Ashri Bhakti Updates

What Child Psychology Research Really Says About Screens, Stories, and Emotional Development — And Why It Matters for Apps Like Ashri Bhakti

Author
Sarbatra Inc
Published
June 15, 2026

What the Research Actually Says About Kids, Screens, and Stories

If you’re a parent scrolling through app store reviews at 9 PM trying to decide what’s actually okay to hand your child, you’re not alone — and the research community has been asking the same question, just with bigger sample sizes.

Over the past few years, journals including JAMA Pediatrics and JAMA Network Open have published a steady stream of cohort studies and meta-analyses on how early screen exposure relates to cognitive, language, and social-emotional outcomes. At the same time, a separate and growing body of work — spanning psychiatric nursing journals, education research, and even human-computer interaction studies — has been looking at the opposite question: what happens when children’s media time is built around structured, guided storytelling instead?

The findings from both bodies of research point in a fairly consistent direction. This post walks through what’s actually been published, what it means for how families think about apps and screen content, and where a story-first model like Ashri Bhakti fits into that picture — without overstating what the science says.

Tuppi of Ashari Bhakti

1. Screen Time Research: What the Studies Actually Found

It’s worth being precise here, because “screens are bad” is too blunt a summary of what these studies show. The more accurate picture is about how much, when, and what kind of content matters.

Early and prolonged exposure is linked to weaker outcomes. A 2022 cohort study published in JAMA Pediatrics followed 152 children from 6 to 72 months of age and found that excessive screen time, especially when it started earlier and increased over time, was associated with worse cognitive and social-emotional development outcomes compared to children with consistently low screen exposure.

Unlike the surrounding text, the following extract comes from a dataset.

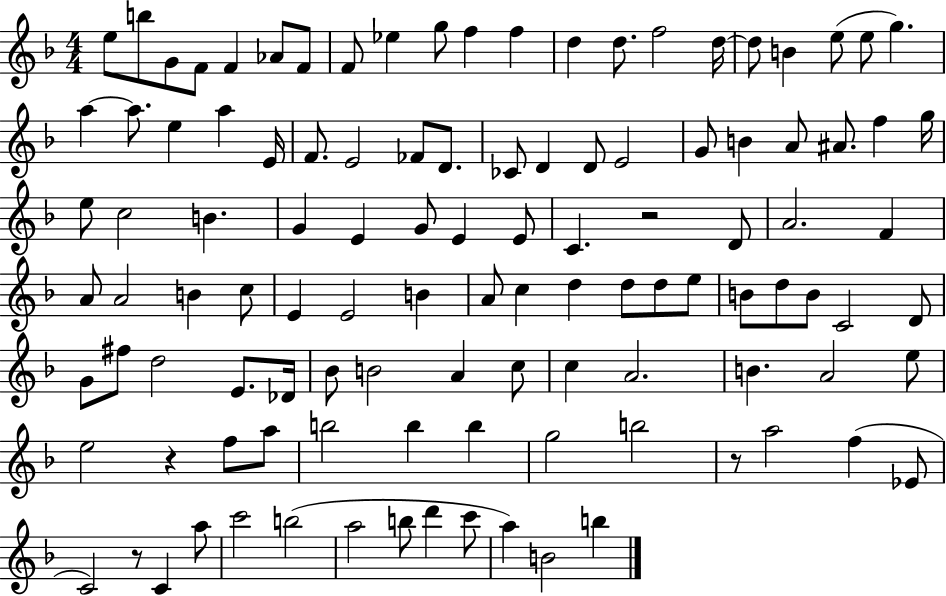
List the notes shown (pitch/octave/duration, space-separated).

E5/e B5/e G4/e F4/e F4/q Ab4/e F4/e F4/e Eb5/q G5/e F5/q F5/q D5/q D5/e. F5/h D5/s D5/e B4/q E5/e E5/e G5/q. A5/q A5/e. E5/q A5/q E4/s F4/e. E4/h FES4/e D4/e. CES4/e D4/q D4/e E4/h G4/e B4/q A4/e A#4/e. F5/q G5/s E5/e C5/h B4/q. G4/q E4/q G4/e E4/q E4/e C4/q. R/h D4/e A4/h. F4/q A4/e A4/h B4/q C5/e E4/q E4/h B4/q A4/e C5/q D5/q D5/e D5/e E5/e B4/e D5/e B4/e C4/h D4/e G4/e F#5/e D5/h E4/e. Db4/s Bb4/e B4/h A4/q C5/e C5/q A4/h. B4/q. A4/h E5/e E5/h R/q F5/e A5/e B5/h B5/q B5/q G5/h B5/h R/e A5/h F5/q Eb4/e C4/h R/e C4/q A5/e C6/h B5/h A5/h B5/e D6/q C6/e A5/q B4/h B5/q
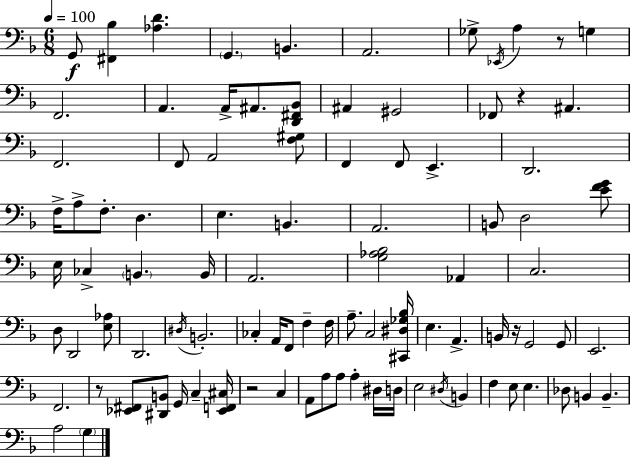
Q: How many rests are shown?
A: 5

The effect shows up even at very young ages. A Japanese cohort study published in JAMA Pediatrics in 2023 examined screen time at just one year old and its relationship to communication and problem-solving delays measured later, at ages two and four — finding measurable associations even from that early starting point.

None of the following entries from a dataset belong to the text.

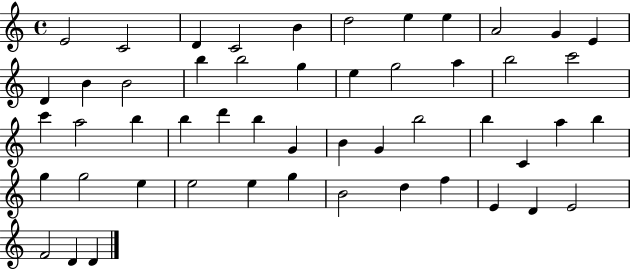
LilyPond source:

{
  \clef treble
  \time 4/4
  \defaultTimeSignature
  \key c \major
  e'2 c'2 | d'4 c'2 b'4 | d''2 e''4 e''4 | a'2 g'4 e'4 | \break d'4 b'4 b'2 | b''4 b''2 g''4 | e''4 g''2 a''4 | b''2 c'''2 | \break c'''4 a''2 b''4 | b''4 d'''4 b''4 g'4 | b'4 g'4 b''2 | b''4 c'4 a''4 b''4 | \break g''4 g''2 e''4 | e''2 e''4 g''4 | b'2 d''4 f''4 | e'4 d'4 e'2 | \break f'2 d'4 d'4 | \bar "|."
}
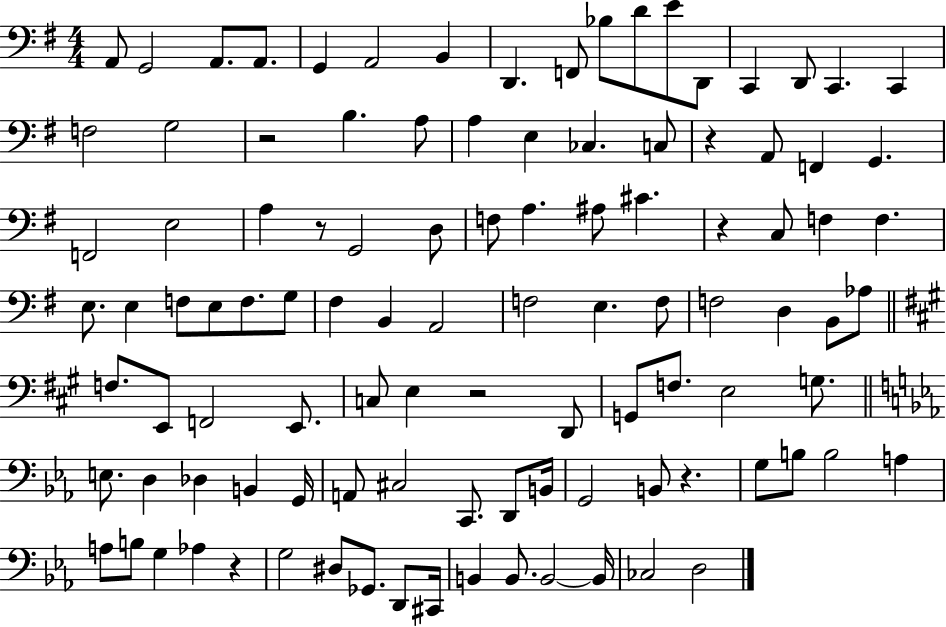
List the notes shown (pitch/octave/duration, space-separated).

A2/e G2/h A2/e. A2/e. G2/q A2/h B2/q D2/q. F2/e Bb3/e D4/e E4/e D2/e C2/q D2/e C2/q. C2/q F3/h G3/h R/h B3/q. A3/e A3/q E3/q CES3/q. C3/e R/q A2/e F2/q G2/q. F2/h E3/h A3/q R/e G2/h D3/e F3/e A3/q. A#3/e C#4/q. R/q C3/e F3/q F3/q. E3/e. E3/q F3/e E3/e F3/e. G3/e F#3/q B2/q A2/h F3/h E3/q. F3/e F3/h D3/q B2/e Ab3/e F3/e. E2/e F2/h E2/e. C3/e E3/q R/h D2/e G2/e F3/e. E3/h G3/e. E3/e. D3/q Db3/q B2/q G2/s A2/e C#3/h C2/e. D2/e B2/s G2/h B2/e R/q. G3/e B3/e B3/h A3/q A3/e B3/e G3/q Ab3/q R/q G3/h D#3/e Gb2/e. D2/e C#2/s B2/q B2/e. B2/h B2/s CES3/h D3/h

It’s not just about the child’s behavior — it affects the home environment too. A 2024 study in JAMA Pediatrics looked at screen time and parent-child talk in children aged 12 to 36 months, examining how device use during this critical language-development window relates to the amount of verbal interaction happening between parents and toddlers.

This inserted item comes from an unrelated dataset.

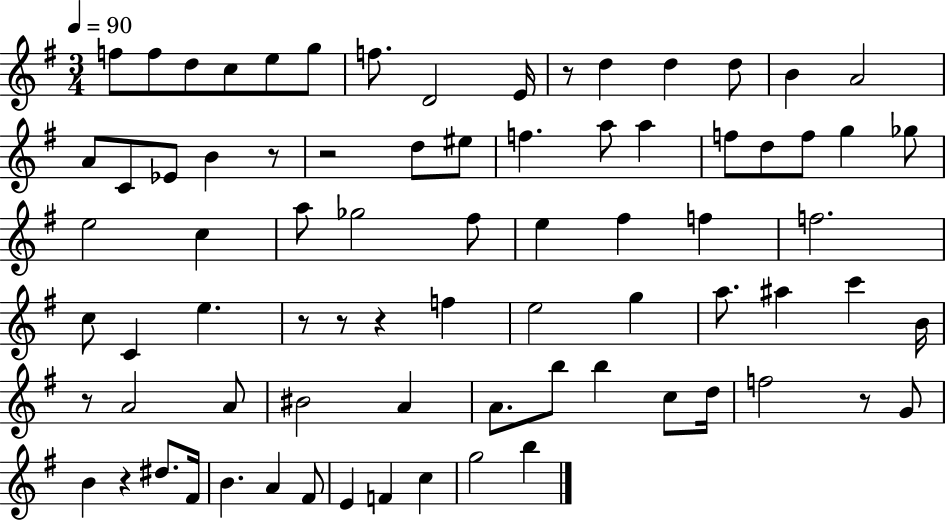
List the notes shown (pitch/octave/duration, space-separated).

F5/e F5/e D5/e C5/e E5/e G5/e F5/e. D4/h E4/s R/e D5/q D5/q D5/e B4/q A4/h A4/e C4/e Eb4/e B4/q R/e R/h D5/e EIS5/e F5/q. A5/e A5/q F5/e D5/e F5/e G5/q Gb5/e E5/h C5/q A5/e Gb5/h F#5/e E5/q F#5/q F5/q F5/h. C5/e C4/q E5/q. R/e R/e R/q F5/q E5/h G5/q A5/e. A#5/q C6/q B4/s R/e A4/h A4/e BIS4/h A4/q A4/e. B5/e B5/q C5/e D5/s F5/h R/e G4/e B4/q R/q D#5/e. F#4/s B4/q. A4/q F#4/e E4/q F4/q C5/q G5/h B5/q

Mechanism research is starting to explain why. A 2025 study from the University of Pittsburgh, published in JAMA Pediatrics, followed nearly 1,000 children aged 9–13 and explored how excessive screen time may affect sleep duration and brain white matter organization — structural factors that are closely tied to emotional health. This is one of the more important developments in the field: it’s moving the conversation from “screens correlate with worse outcomes” toward an actual biological explanation involving sleep disruption and brain development.

Logo of Ashari Bhakti

A large-scale review backs this up. A 2024 systematic review and meta-analysis in JAMA Pediatrics specifically examined the context of screen use — not just the amount — and its relationship to cognitive and psychosocial outcomes in early childhood, reinforcing that content type and viewing context are critical variables, not just total minutes.

The pandemic gave researchers a natural experiment. A JAMA Network Open study using 2018–2021 National Survey of Children’s Health data examined how screen time among children aged six months to five years shifted during COVID-19, and how that shift related to psychological well-being indicators across different sociodemographic groups.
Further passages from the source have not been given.